■ **TASK BRIEF**
Beginning with the first line of the data below, set down each line exactly through the line that contains "Travel Cat Backpack".

Scraped caption text data:
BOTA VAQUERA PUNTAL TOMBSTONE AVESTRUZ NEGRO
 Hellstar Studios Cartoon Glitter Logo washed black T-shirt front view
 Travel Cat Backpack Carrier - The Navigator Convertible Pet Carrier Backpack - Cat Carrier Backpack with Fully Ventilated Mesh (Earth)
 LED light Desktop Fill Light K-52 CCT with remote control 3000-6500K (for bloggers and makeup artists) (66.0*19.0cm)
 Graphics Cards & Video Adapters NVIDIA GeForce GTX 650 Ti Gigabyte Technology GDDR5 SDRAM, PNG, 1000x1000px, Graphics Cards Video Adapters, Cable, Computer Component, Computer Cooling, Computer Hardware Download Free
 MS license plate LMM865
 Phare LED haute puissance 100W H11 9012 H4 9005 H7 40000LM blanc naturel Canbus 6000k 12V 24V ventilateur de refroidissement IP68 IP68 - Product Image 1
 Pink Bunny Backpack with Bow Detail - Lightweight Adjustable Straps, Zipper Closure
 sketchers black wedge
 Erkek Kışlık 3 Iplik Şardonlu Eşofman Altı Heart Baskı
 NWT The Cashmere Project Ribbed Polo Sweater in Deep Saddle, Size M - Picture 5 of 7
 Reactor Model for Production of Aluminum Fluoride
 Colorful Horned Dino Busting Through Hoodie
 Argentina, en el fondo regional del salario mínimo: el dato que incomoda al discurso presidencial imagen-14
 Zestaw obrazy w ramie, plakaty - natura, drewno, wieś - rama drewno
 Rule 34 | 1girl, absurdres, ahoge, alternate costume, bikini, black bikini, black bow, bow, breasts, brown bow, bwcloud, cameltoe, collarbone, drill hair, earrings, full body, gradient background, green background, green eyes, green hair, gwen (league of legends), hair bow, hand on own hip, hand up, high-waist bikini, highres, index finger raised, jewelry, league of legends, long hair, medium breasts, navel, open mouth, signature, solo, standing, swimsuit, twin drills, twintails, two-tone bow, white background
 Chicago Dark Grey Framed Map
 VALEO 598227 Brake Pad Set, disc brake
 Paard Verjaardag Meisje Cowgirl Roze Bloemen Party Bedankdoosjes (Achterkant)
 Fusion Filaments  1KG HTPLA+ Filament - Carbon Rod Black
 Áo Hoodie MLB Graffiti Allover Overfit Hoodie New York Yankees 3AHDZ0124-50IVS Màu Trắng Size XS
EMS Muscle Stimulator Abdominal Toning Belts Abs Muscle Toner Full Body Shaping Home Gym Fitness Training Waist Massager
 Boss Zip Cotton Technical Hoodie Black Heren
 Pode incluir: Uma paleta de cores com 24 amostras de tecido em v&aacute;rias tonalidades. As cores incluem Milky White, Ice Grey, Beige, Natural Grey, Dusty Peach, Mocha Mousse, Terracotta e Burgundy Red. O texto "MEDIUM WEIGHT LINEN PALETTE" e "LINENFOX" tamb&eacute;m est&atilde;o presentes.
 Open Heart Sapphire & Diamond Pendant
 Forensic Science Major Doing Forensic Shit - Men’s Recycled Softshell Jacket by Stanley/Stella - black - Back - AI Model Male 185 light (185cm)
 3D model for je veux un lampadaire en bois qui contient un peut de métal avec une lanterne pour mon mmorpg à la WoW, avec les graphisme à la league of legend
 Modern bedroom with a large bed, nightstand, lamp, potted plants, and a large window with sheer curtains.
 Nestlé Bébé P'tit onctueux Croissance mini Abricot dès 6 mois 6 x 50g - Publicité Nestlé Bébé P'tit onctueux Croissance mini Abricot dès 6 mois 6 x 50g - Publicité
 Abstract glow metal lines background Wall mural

■ **RESPONSE BELOW**
BOTA VAQUERA PUNTAL TOMBSTONE AVESTRUZ NEGRO
 Hellstar Studios Cartoon Glitter Logo washed black T-shirt front view
 Travel Cat Backpack Carrier - The Navigator Convertible Pet Carrier Backpack - Cat Carrier Backpack with Fully Ventilated Mesh (Earth)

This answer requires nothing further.